▶ **Requirement**
Starting at the first entry below, repeat all the data word for word and drop the pictures.

***

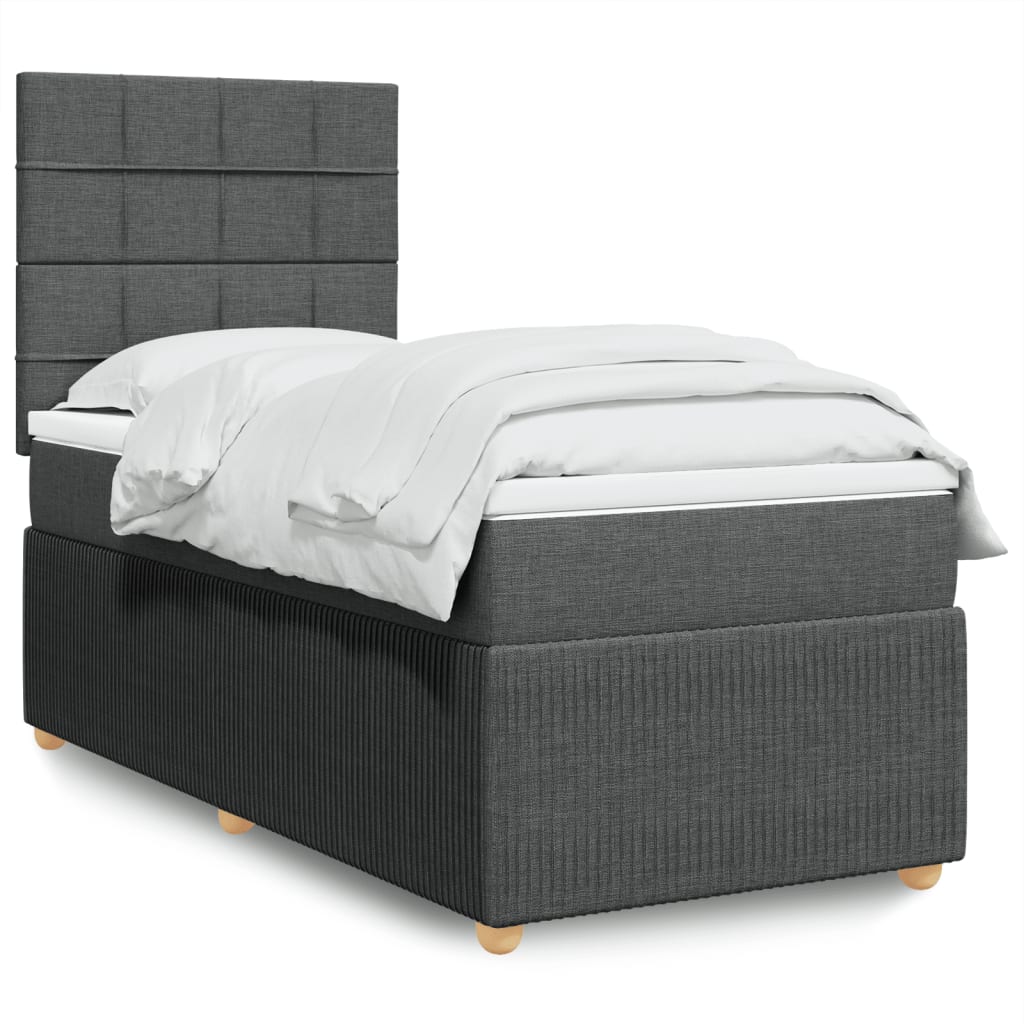 Boxspringbett mit Matratze Dunkelgrau 90x190 cm Stoff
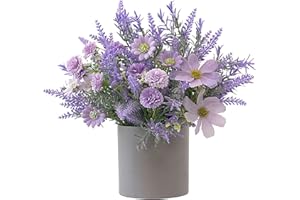 Pesine Flores Artificiales en Maceta de Lavanda Plantas de Falso Verde Decoración del Hogar para Interior Exterior Jardín Césped Balcón Oficina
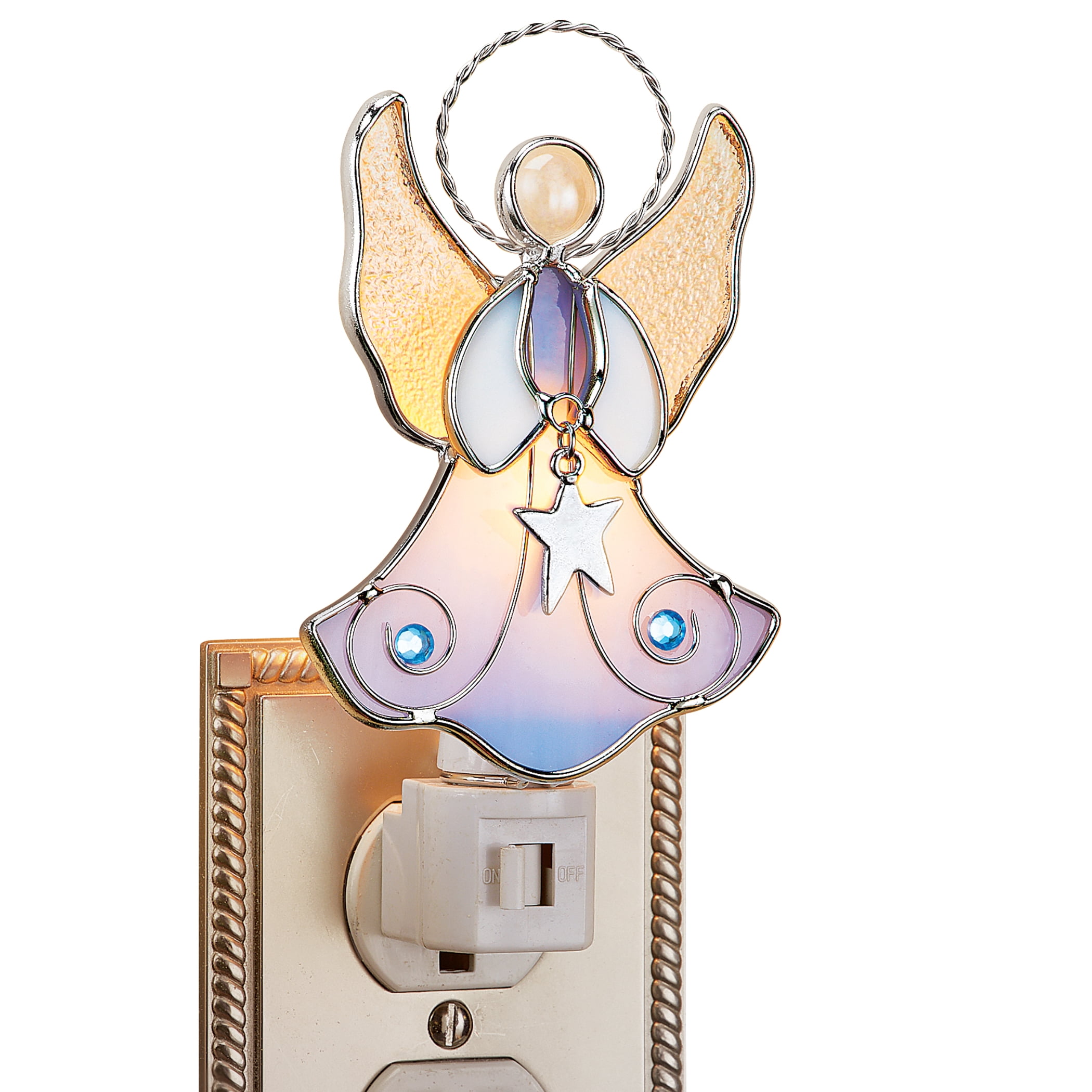 Stained Glass Design Angel With Star Night Light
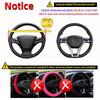 Universal Steering Wheel Cover Anti Slip Embossed Leather Car Grip Protector 38cm Automobile Interior Decoration Supplies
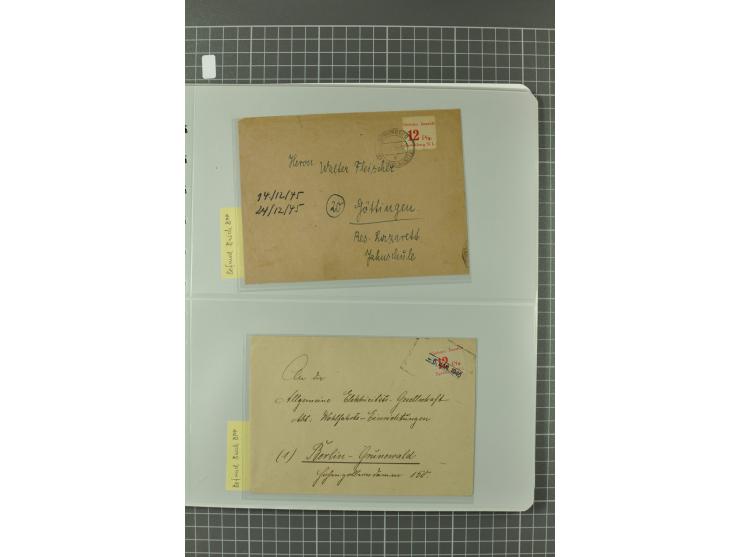 1945/48, umfangreiche Sammlung Altdöbern bis Wurzen mit ca. 280 Briefen, Karten und Ganzsachenkarten inkl. Barfreimachung und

***

▶ **Answer section**
 Boxspringbett mit Matratze Dunkelgrau 90x190 cm Stoff
 Pesine Flores Artificiales en Maceta de Lavanda Plantas de Falso Verde Decoración del Hogar para Interior Exterior Jardín Césped Balcón Oficina
 Stained Glass Design Angel With Star Night Light
 Universal Steering Wheel Cover Anti Slip Embossed Leather Car Grip Protector 38cm Automobile Interior Decoration Supplies
 1945/48, umfangreiche Sammlung Altdöbern bis Wurzen mit ca. 280 Briefen, Karten und Ganzsachenkarten inkl. Barfreimachung und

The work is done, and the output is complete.